### RECORDED DATA

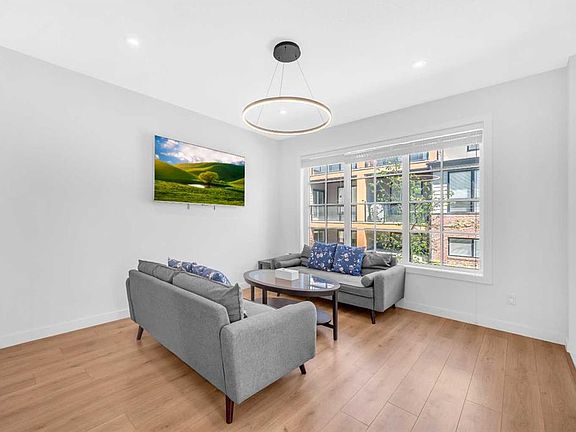 5th image of 7820 E Spring Willow Dr SW #252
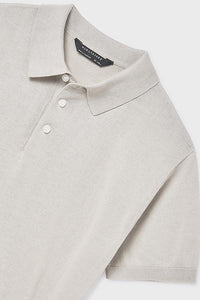 Футболка-поло 'Archive' Mayoral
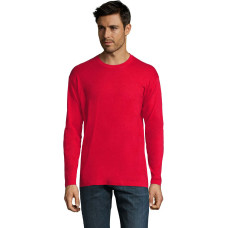 Sol's MONARCH MEN T-Shirt 150g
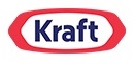 Kraft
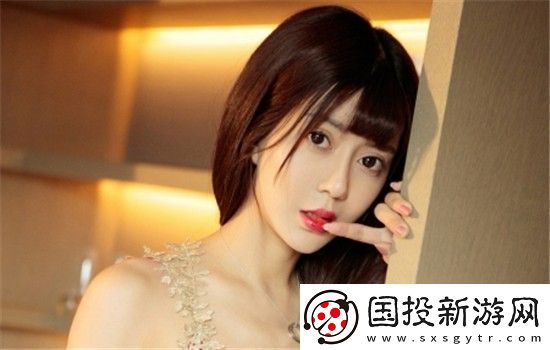 2023AMAZON欧洲站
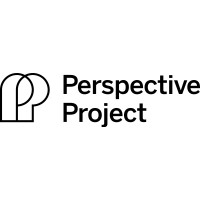 Perspective Project logo, Perspective Project contact details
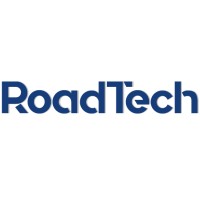 RoadTech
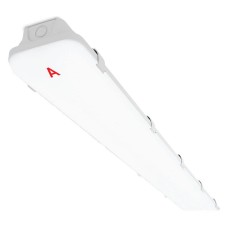 Накладной светильник WoltaPRO  ДСП04-54-051-6К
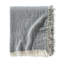 Andri 100% Cotton Throw-128583393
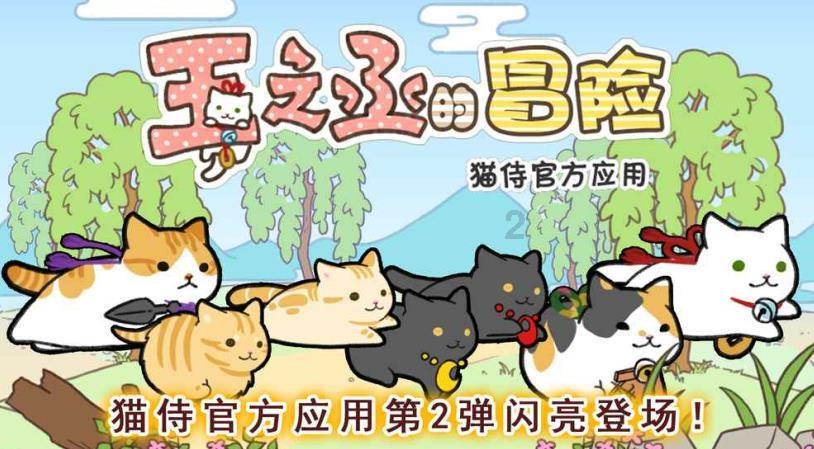 金老师失恋,万念俱灰,精神恍惚,都是阿衰干的好事!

######

• **TASK REQUIREMENTS**: Repeat only the lines from the one with "Футболка-поло 'Archive' Mayoral" through the end of the data, both included and exactly as written. Pictures stay out of the copy.

• **ANSWER TO THE EXERCISE**:
 Футболка-поло 'Archive' Mayoral
 Sol's MONARCH MEN T-Shirt 150g
 Kraft
 2023AMAZON欧洲站
 Perspective Project logo, Perspective Project contact details
 RoadTech
 Накладной светильник WoltaPRO  ДСП04-54-051-6К
 Andri 100% Cotton Throw-128583393
 金老师失恋,万念俱灰,精神恍惚,都是阿衰干的好事!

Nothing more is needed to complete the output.